Torquay has an “Agatha Christie Mile” sightseeing route which you can do at your leisure or in the company of a special guide.

Agatha Mary Clarissa Miller was born in Barton Road . Ashfield , a large Victorian mansion on Mount Stuart , was her home for five decades.  It was demolished in 1962 .Christie describes its greenhouse in “Postern of Fate”. Nothing remains now but a boundary wall. And a plaque.

Agatha said that growing up she enjoyed “a high standard of domestic comfort”. She led  a privileged,  genteel childhood of country houses dances , society balls held at places like Churston Court and Oldway Mansion , originally built for Isaac Singer of the sewing machine fame.

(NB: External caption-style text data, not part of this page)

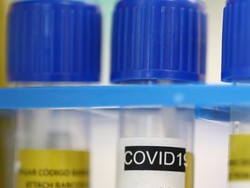 RI Terima Bantuan 50.000 Alat Tes Corona dari Korsel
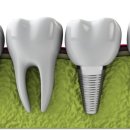 서울새로이치과의원 이미지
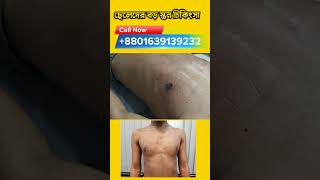 Gynecomastia surgery Bangladesh [upl. by Fanchie]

It was a life of leisure ( “The one really valuable thing in life”)  parlourmaids , ankle length skirts , feathered hats and whalebone corsets “giving red sore places”.

“The English Riviera”, named because of its beaches and palm trees ( imported from New Zealand) , is made up of the seaside resorts of Torbay, Paignton and Brixham. Torquay was a party town and fashionable resort.  It once boasted more royal visitors than anywhere in the world.

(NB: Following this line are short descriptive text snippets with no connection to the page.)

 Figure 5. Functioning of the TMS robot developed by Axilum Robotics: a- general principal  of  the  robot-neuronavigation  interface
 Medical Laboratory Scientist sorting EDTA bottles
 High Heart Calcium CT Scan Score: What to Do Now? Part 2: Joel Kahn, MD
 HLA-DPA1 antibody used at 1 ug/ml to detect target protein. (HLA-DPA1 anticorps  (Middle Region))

Agatha’s father, Frederick Miller, was an American and a man of independent means kept by his grandparents. Agatha loved him greatly. He died when she was only eleven. Her mother, Clara was English and aristocratic.

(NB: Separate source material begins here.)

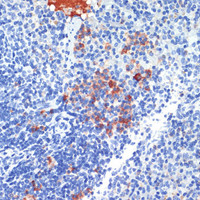 Immunohistochemistry of paraffin-embedded Mouse spleen using S100A8 Polyclonal Antibody at dilution of 1:200 (40x lens) .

Agatha learned to read at the age of three. Most children didn’t start until eight. Her first published piece was a poem about electric trams. It appeared in a London newspaper when she was eleven. Agatha met Lt Archie Christie of the “Royal Flying Corps at a ball at Ugbrooke House near Exeter.

She described him as “A tall fair young man with crisp curly hair, an interesting nose , turned up not down and a great deal of careless confidence about him.” He suddenly asked for a divorce shortly after Agatha’s mother’s death in 1926 causing her infamous eleven-day disappearance before being eventually found in Harrogate in Yorkshire.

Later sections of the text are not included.